A veces me imagino mis emociones desbordándose de mí, y consumiéndome. Como el fuego que arde tan intenso que es de esperar que luego solo queden cenizas.
Me quedé sentada en esa habitación blanca.
Los peores demonios son los que reptan en el silencio, cuando los miedos se convierten en ruido dentro de tu cabeza. Demasiado ruido en el silencio. Y esa maldita habitación estaba llena de él.
Si mis emociones me consumían como el fuego, los silencios me ahogaban como si de agua helada se tratase. Dejaban tomar el control a todo lo que debería permanecer encerrado.

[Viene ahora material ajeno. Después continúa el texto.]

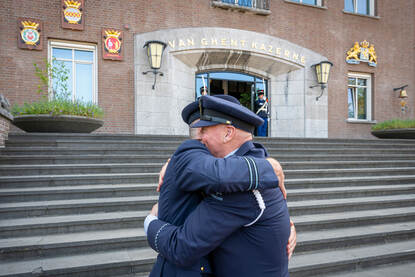 Twee luchtmachtmilitairen die elkaar een stevige omhelzing geven.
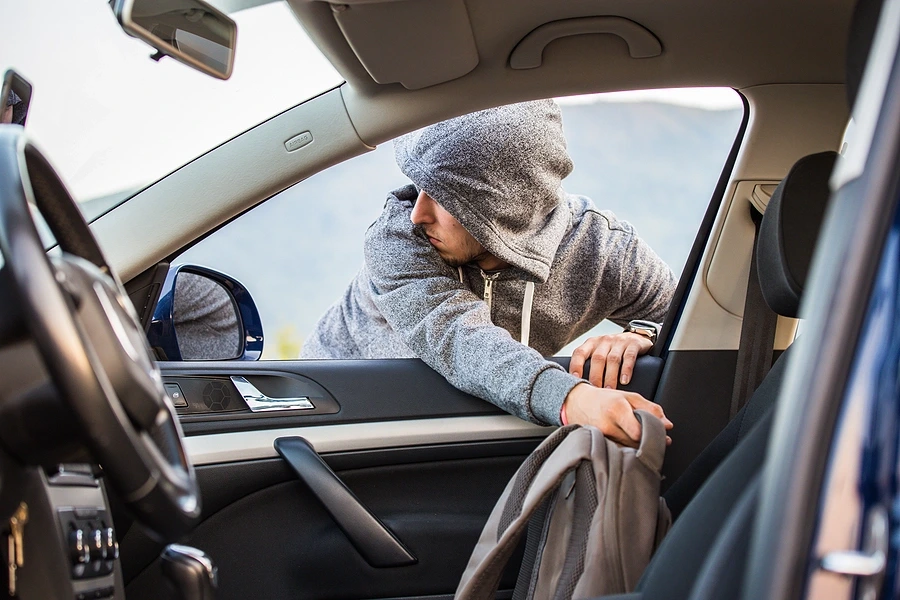 Hooded person reaching into car window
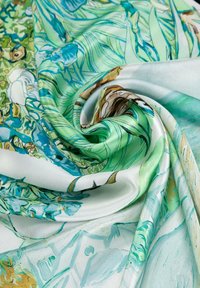 Tissus en satin avec un motif floral dans des teintes de vert et de bleu, avec des textures tourbillonnantes et un drapé fluide, accentué par un doux éclat.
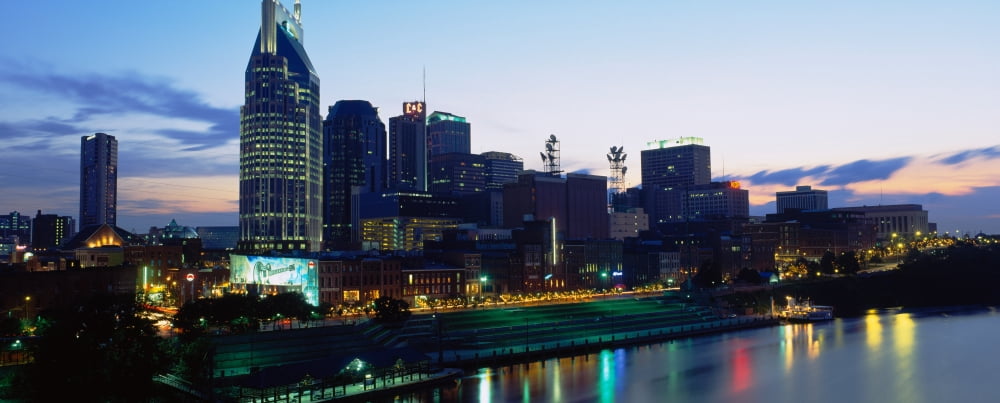 Buildings lit up at dusk Nashville Tennessee USA Canvas Art - Panoramic Images (27 x 9)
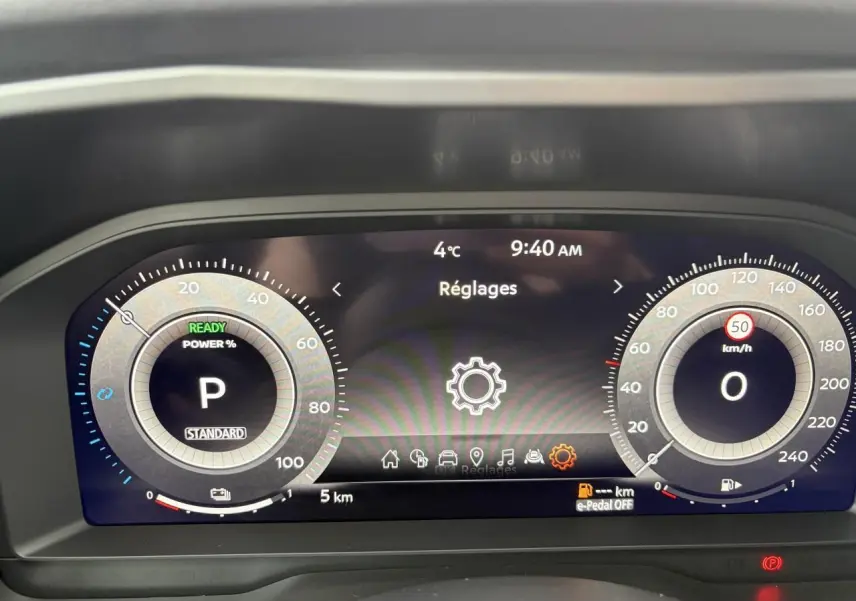 Affichage numérique du tableau de bord du Nissan Qashqai 2025, avec compte-tours et vitesse en km/h à l'arrêt.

Estuve perdida en un mar de mentiras, y no sabía si quería encontrarme. Al final, la verdad fue un castigo mayor que el peor de los engaños. Tener los ojos vendados, y mirar sin ver, no puede ser peor que esta desesperación. Estas emociones surgidas de la verdad. Que se aferran a mí, hundiéndome en un abismo, mucho más profundo que las falsas palabras.
Quise saber, y ahora que conozco me hubiese gustado no ver. El dolor es demasiado ahora que es real. Así que si de mí dependiese volvería a las mentiras. Aunque he de admitir que cuando vuelva a ellas, la verdad volverá a tentarme. Siempre es así. Y yo, estúpida, no sabré ver las mentiras como el regalo que son. No las veré como mi salvación, y sé, sin lugar a dudas que volveré una y otra vez a internarme en ese infierno, donde lo que ves es lo que hay.
Probablemente jamás me atreva a dar voz a semejantes pensamientos, llenos de amargura. Puede que me consuman por dentro.
¿Todos podrán ver mis lados calcinados y rotos? ¿Las cicatrices y las pesadillas?
Me pregunto si eso será verdad o no.